What is expected. Pictures in the listing below are skipped, while the lines from the "5150 Hidalgo Street, Houston, TX 77056" line through the "SlIK Monopod and a Manfrotto Tri Pod (P-KD)" line are returned word for word.

Supplied material.
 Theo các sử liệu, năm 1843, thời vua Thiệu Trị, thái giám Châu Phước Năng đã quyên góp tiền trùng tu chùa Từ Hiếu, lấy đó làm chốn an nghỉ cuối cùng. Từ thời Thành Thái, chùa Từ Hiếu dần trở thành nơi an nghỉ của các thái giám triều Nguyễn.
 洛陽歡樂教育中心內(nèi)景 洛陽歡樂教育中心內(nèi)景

...

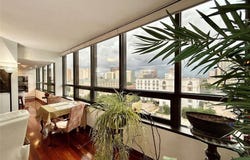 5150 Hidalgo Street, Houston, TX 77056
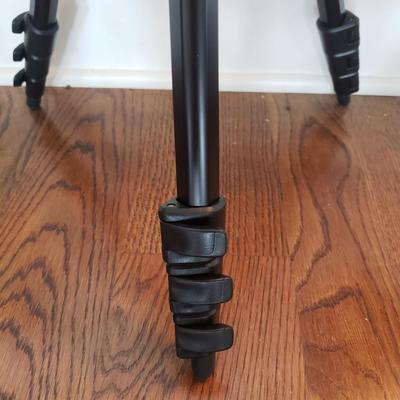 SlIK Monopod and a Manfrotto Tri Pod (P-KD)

Your solution.
 5150 Hidalgo Street, Houston, TX 77056
 SlIK Monopod and a Manfrotto Tri Pod (P-KD)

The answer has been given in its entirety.